A team of scientists has determined that ice can be melted at –180 degree Celsius if the ice crystals contain just 48 water molecules.
London: A team of scientists has determined that ice can be melted at –180 degree Celsius if the ice crystals contain just 48 water molecules.
According to a report in New Scientist, Bernd von Issendorff at the University of Freiburg in Germany and his colleagues created ice clusters of just a few tens of water molecules, tagged with an extra electron.
The electron’s charge allowed the team to trap the clusters in electric fields and weed out those of the wrong size.
As the ice clusters were ten thousand times smaller than a grain of sand, the researchers couldn’t merely watch them melt.
Instead, at temperatures ranging from -265 degree C to -80 degree C, they triggered the evaporation of a few molecules with pulses of laser light.
By counting the number of molecules that evaporated, they could calculate the energy of each cluster before it was zapped.
Since liquids contain more energy than solids, they could deduce the temperature at which the clusters melted.

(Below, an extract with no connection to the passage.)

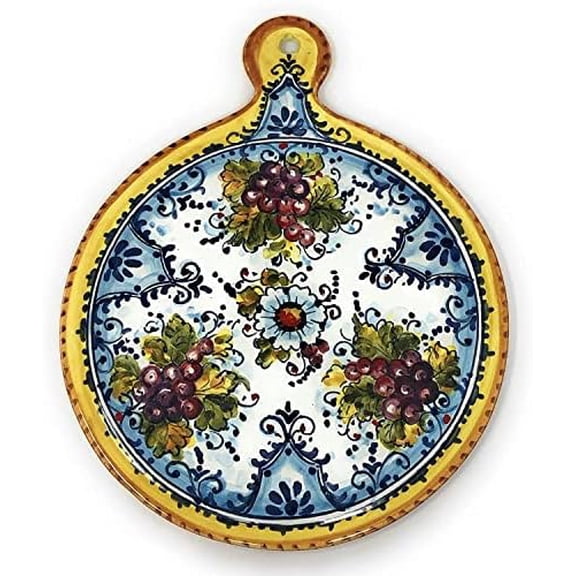CERAMICHE PARRINI - Italian Ceramic Art Kitchenware Tile Small Trivet Pottery Decorated Tuscan Grape Hand Painted Made in ITALY$$Home Decor, Kitchen, & Other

The researchers were surprised to find melting began at just under –180 degree C.
“Probably anybody would have guessed that a small amount of water behaves differently, but maybe not so many that it is so different,” said von Issendorff.
Von Issendorff and his colleagues expect their findings will fine-tune models that explain and predict cloud formation and climate, atmospheric chemistry, and the evolution of water-rich objects in outer space, such as fledgling comets.